You must know the type of springs you are going to deal with. There are two types of springs used on garage doors: torsion springs and side-mounted springs. Here’s how you can determine which of the two is responsible for offsetting the weight of your door.

Side-Mounted Springs

Side-Mounted-Springs

Also known as extension springs, they are mounted on both sides of the door. You can see them above the horizontal tracks. Whenever you open the door (via motor or hand), these springs extend to provide a counterbalancing force. The more force that is applied, the more the spring will expand.

Most manufacturers pair side-mounted springs with safety cables. These cables stop the spring from becoming a hazardous projectile in the case of a cable, spring or bottom bracket failure. These incidents can occur at any time, which is why all extension spring doors must have safety cables installed on them.

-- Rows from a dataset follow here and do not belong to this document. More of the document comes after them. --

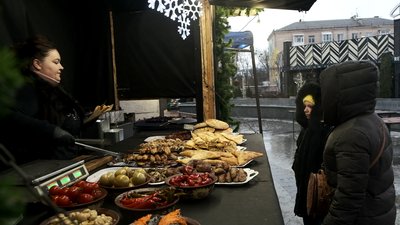 Ятки з сувенірами та вуличною їжею:у Вінниці запрацювало "Зимове містечко" Ятки з сувенірами та вуличною їжею:у Вінниці запрацювало "Зимове містечко"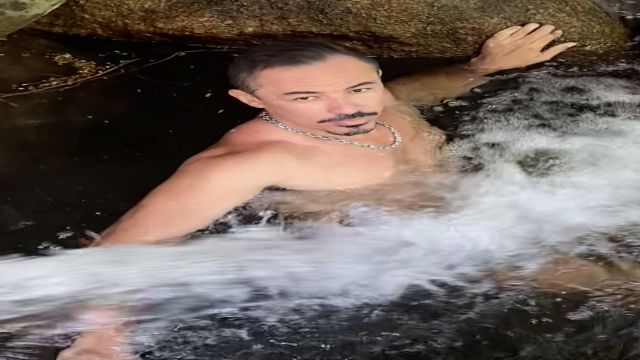 Comi o Cu do Hetero cabeludo parte 01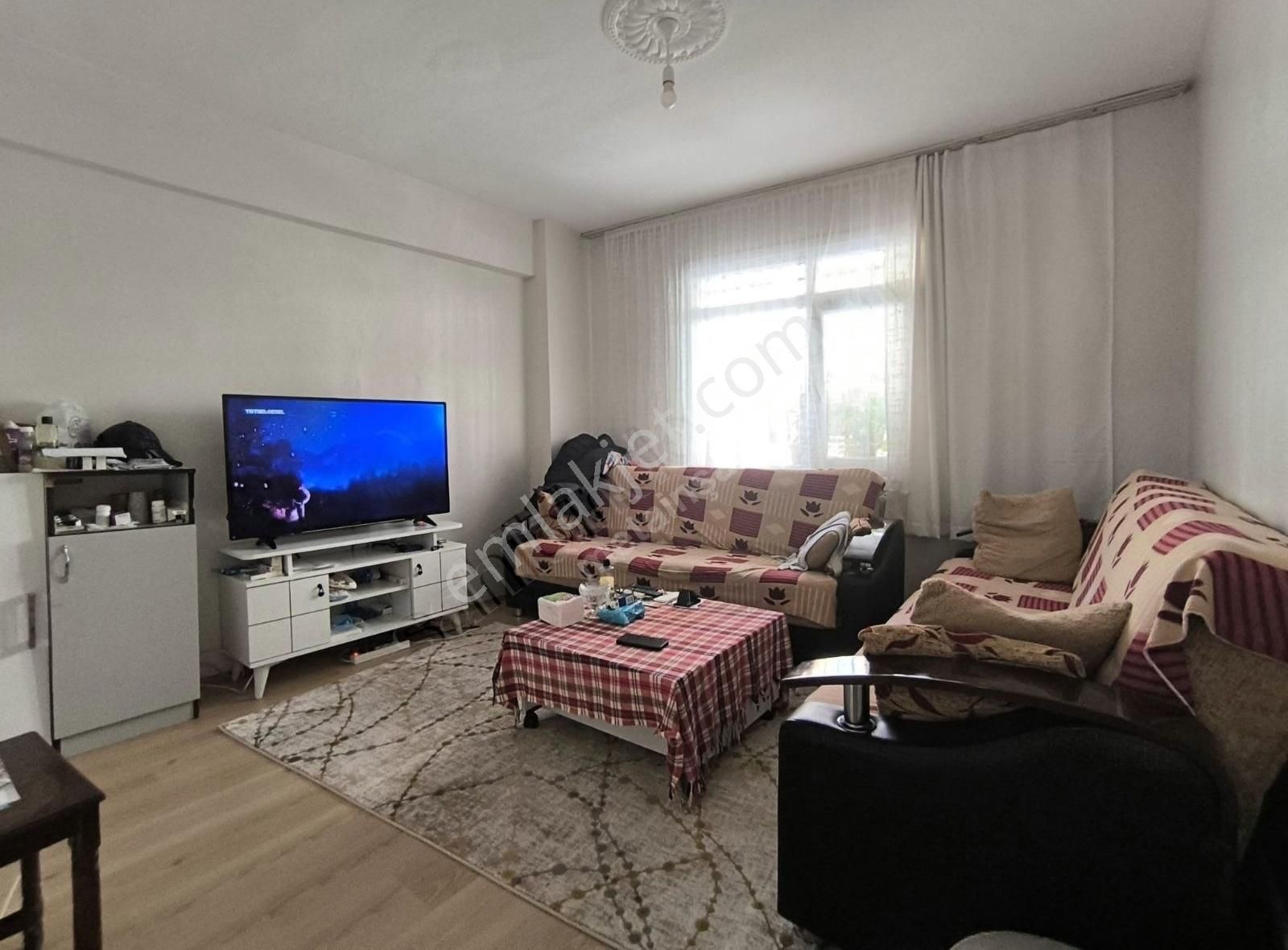 Küçükçekmece Yeşilovada Satılık .90.m2.daire.2+1-1.850.000.tl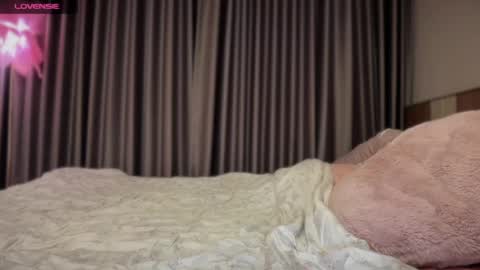 Snapshot of chillstella chatting on 07/15/26, 01:00 Call me Stelz online show from 07/15/26, 01:00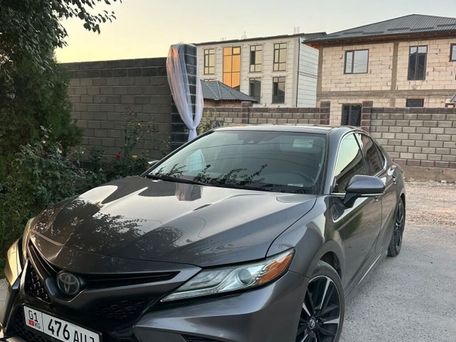 Toyota Camry, 2019 — photo 1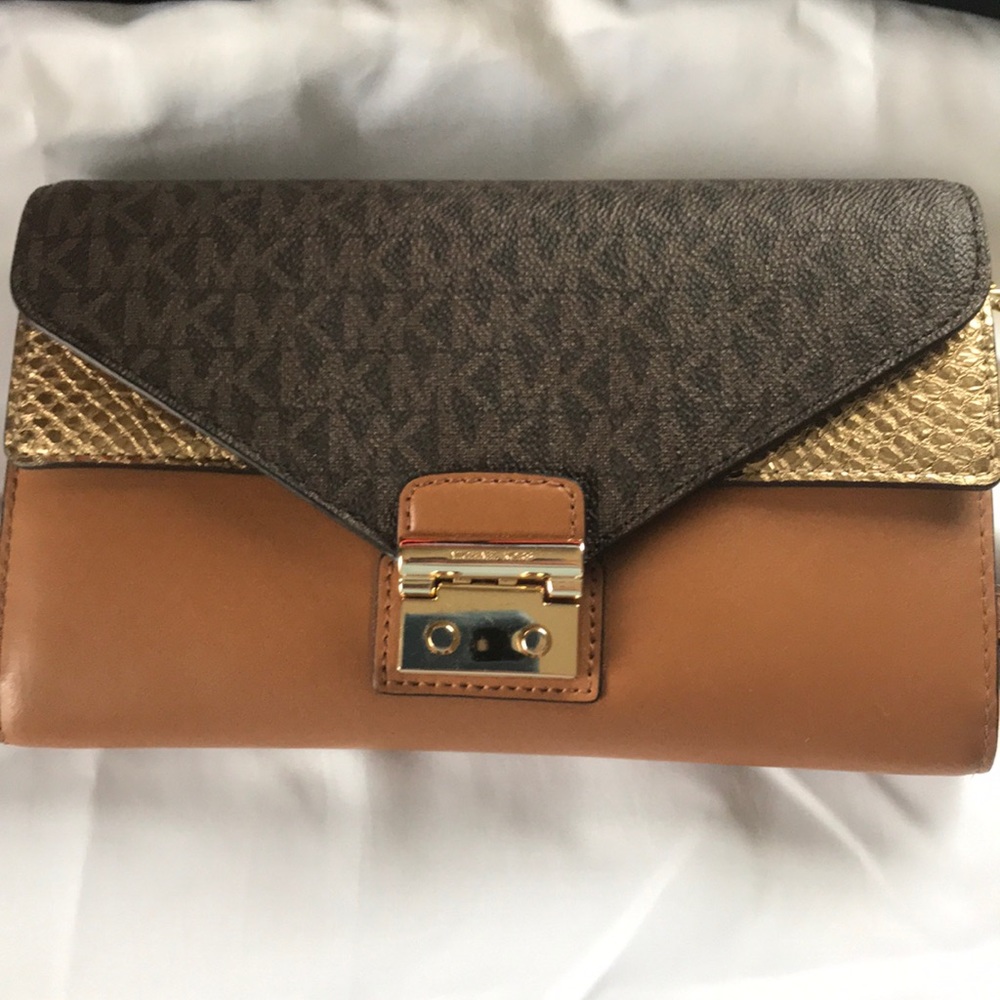 Michael Kors Crossbody - Picture 2 of 6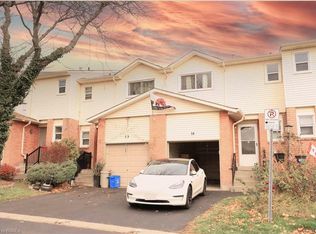 15 Derby St #14, Hamilton, ON L8W3T4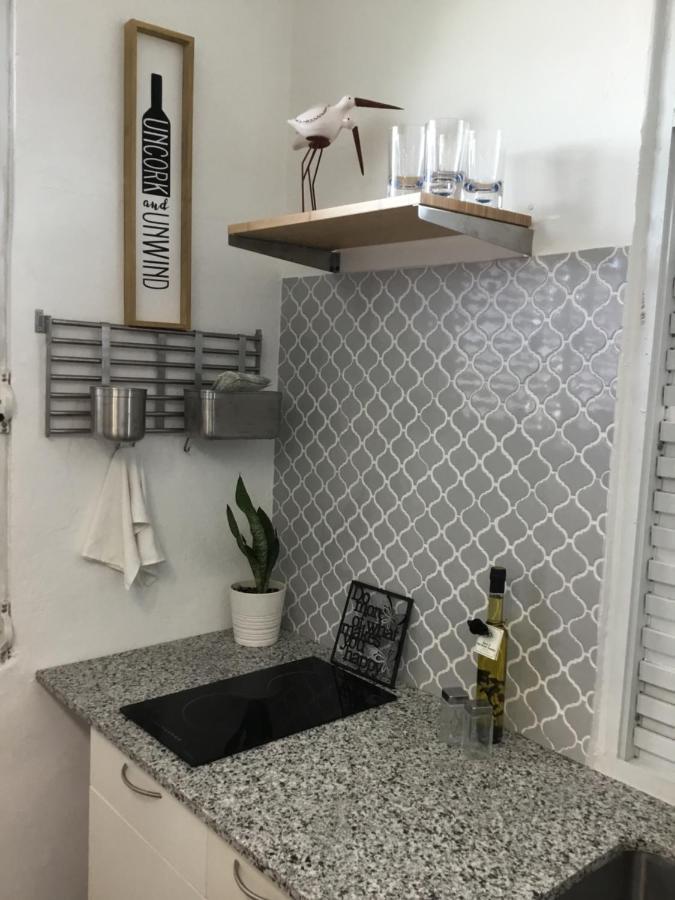One Bedroom Apt 30 Steps From Prime Beach Generator Parking Included Σαν Χουάν Εξωτερικό φωτογραφία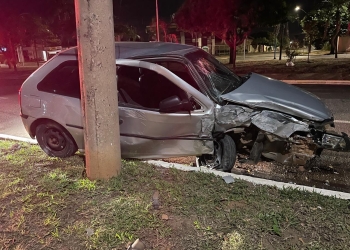 Em Três Lagoas| Motorista perde controle e bate violentamente em poste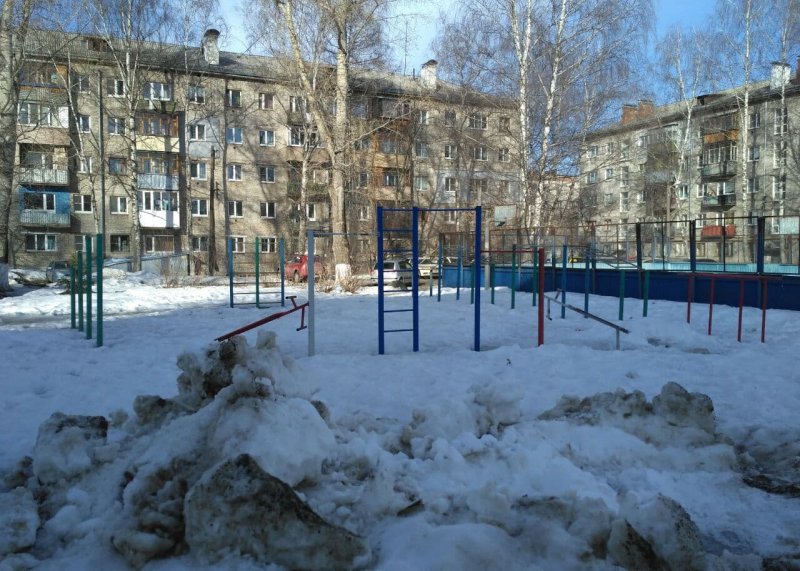 Площадка для воркаута в городе Нижний Новгород №11304 Средняя Современная фото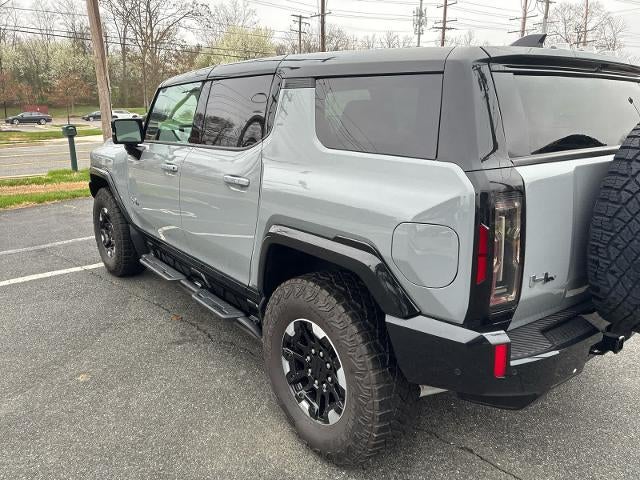 2024 GMC HUMMER EV SUV 2X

Furthermore, depending on your door, it might be using one of these three extension springs:

  • Open Looped: Though not as strong as the upcoming types of extension springs, open-looped springs are the easiest to change. That’s mainly because they don’t require you to disassemble their pulley to replace the springs.
  • Double Looped: Double looped springs come with two coils. One of them is connected to the pulley and the other is affixed to the eye bolt. They are more robust than their open looped counterparts but are relatively difficult to change.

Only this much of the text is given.